▶ _The problem_: Take the data below and filter it for lines containing the word "Hotel"; show each line found.

▶ _Data for review_:
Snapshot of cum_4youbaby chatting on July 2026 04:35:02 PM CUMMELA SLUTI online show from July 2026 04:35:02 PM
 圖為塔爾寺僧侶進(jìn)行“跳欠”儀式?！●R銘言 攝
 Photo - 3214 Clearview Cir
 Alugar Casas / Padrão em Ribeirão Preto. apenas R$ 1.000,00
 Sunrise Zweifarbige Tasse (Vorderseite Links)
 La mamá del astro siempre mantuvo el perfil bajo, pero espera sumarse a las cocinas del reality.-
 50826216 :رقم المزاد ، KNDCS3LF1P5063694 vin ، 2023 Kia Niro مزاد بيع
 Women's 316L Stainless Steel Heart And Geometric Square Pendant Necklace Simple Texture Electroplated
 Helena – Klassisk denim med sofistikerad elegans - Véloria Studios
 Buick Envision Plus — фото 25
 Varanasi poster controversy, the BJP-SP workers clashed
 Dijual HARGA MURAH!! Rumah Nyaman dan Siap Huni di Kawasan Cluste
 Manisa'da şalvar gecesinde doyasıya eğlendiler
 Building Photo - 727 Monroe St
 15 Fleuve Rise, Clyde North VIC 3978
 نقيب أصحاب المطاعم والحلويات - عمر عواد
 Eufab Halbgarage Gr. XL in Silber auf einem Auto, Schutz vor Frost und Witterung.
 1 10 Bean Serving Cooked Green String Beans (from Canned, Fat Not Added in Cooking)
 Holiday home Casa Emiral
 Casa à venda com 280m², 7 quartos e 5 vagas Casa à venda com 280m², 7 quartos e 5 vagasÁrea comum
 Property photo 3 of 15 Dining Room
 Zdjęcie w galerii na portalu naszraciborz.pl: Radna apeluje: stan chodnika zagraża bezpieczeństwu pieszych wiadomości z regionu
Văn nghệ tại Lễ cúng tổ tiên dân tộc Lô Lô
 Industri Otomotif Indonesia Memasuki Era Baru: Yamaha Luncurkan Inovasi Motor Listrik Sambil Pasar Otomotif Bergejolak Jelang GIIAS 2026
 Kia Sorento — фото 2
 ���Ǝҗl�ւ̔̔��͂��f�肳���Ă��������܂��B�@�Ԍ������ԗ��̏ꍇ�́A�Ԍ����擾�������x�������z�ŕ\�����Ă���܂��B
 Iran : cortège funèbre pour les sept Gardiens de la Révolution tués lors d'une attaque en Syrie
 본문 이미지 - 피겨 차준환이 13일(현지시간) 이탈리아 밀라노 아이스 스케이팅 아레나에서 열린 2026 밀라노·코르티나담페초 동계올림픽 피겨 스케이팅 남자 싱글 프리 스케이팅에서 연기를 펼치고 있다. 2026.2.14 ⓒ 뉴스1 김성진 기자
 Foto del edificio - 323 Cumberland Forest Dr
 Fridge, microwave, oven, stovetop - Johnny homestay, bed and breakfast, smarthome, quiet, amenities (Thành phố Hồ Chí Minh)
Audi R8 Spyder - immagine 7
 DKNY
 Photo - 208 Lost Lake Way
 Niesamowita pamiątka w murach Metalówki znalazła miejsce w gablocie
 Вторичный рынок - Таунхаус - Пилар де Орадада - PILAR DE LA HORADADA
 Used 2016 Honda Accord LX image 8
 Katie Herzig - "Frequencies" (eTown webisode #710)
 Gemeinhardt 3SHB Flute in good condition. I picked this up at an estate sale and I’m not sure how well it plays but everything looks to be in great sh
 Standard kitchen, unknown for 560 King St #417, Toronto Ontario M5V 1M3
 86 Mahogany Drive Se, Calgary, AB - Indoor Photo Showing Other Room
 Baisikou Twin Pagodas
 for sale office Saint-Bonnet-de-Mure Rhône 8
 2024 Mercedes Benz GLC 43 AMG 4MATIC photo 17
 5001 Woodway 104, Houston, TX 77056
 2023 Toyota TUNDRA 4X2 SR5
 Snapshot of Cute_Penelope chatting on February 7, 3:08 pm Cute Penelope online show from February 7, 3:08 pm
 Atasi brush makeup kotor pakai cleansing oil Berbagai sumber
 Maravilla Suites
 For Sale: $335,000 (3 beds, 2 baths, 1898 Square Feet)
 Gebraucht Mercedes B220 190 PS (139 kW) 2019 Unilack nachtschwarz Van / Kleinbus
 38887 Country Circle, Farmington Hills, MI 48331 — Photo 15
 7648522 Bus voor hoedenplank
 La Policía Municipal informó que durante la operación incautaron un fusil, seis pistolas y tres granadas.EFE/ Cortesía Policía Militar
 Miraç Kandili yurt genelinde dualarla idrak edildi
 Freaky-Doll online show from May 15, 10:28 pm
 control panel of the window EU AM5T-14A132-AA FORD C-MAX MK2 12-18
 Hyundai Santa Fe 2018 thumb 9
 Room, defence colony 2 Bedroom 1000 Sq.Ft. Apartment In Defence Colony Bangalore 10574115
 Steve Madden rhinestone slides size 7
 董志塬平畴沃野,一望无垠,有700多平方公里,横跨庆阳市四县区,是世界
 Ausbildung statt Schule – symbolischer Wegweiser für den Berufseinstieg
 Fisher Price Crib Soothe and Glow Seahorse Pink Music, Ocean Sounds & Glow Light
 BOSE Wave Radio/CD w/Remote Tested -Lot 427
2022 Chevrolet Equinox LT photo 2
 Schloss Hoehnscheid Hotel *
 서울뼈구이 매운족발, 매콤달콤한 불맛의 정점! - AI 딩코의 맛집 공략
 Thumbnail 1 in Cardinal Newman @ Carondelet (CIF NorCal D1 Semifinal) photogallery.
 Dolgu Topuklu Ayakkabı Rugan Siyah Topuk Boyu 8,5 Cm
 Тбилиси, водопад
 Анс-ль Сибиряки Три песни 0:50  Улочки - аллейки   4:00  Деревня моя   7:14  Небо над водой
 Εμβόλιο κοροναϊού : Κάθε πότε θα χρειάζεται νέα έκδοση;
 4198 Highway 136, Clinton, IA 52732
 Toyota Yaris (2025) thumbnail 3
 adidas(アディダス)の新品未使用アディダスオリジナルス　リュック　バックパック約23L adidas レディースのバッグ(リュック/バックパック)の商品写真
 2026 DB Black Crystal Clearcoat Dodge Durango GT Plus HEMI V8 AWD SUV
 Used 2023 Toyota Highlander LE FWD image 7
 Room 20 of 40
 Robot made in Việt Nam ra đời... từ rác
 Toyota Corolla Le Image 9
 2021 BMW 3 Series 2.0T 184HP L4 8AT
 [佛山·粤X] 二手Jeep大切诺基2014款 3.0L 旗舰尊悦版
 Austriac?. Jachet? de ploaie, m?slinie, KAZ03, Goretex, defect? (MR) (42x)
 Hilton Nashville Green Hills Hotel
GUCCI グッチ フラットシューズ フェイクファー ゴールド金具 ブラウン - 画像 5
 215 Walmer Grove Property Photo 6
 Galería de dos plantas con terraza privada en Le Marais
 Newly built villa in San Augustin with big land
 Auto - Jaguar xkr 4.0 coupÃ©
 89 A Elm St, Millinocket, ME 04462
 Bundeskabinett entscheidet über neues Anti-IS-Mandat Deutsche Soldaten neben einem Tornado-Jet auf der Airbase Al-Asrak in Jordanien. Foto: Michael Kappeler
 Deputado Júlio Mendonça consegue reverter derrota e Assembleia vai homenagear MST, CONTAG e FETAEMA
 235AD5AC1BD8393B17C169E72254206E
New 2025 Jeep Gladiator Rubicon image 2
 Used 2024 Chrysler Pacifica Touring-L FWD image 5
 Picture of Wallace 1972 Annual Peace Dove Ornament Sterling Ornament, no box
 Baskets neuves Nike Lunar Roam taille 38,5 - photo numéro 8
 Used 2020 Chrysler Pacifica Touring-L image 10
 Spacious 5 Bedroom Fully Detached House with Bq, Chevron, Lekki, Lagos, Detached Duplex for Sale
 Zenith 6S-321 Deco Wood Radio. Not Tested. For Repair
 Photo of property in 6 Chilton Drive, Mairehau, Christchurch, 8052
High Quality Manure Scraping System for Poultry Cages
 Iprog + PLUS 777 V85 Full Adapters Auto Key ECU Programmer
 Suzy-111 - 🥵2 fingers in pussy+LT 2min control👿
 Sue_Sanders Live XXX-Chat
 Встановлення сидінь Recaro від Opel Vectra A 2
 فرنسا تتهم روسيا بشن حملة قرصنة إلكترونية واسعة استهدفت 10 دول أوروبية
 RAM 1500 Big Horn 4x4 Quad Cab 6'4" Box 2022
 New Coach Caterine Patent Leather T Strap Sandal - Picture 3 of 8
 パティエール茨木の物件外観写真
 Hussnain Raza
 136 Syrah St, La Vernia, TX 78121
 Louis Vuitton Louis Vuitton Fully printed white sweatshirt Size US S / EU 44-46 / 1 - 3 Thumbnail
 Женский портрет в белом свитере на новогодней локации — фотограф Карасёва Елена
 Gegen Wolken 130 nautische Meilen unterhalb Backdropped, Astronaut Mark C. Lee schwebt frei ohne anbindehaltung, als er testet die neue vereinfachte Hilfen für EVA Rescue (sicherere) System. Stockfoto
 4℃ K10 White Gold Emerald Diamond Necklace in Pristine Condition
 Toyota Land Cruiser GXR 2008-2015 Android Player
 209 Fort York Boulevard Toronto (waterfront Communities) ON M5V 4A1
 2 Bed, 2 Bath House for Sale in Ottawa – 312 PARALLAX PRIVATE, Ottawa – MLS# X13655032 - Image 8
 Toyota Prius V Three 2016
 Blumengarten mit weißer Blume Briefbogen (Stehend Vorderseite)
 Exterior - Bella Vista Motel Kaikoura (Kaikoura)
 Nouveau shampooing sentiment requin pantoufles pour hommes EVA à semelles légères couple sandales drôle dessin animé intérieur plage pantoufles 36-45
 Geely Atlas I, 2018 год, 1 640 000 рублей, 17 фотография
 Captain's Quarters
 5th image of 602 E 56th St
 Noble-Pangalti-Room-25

▶ _Completed task_:
 Schloss Hoehnscheid Hotel *
 Hilton Nashville Green Hills Hotel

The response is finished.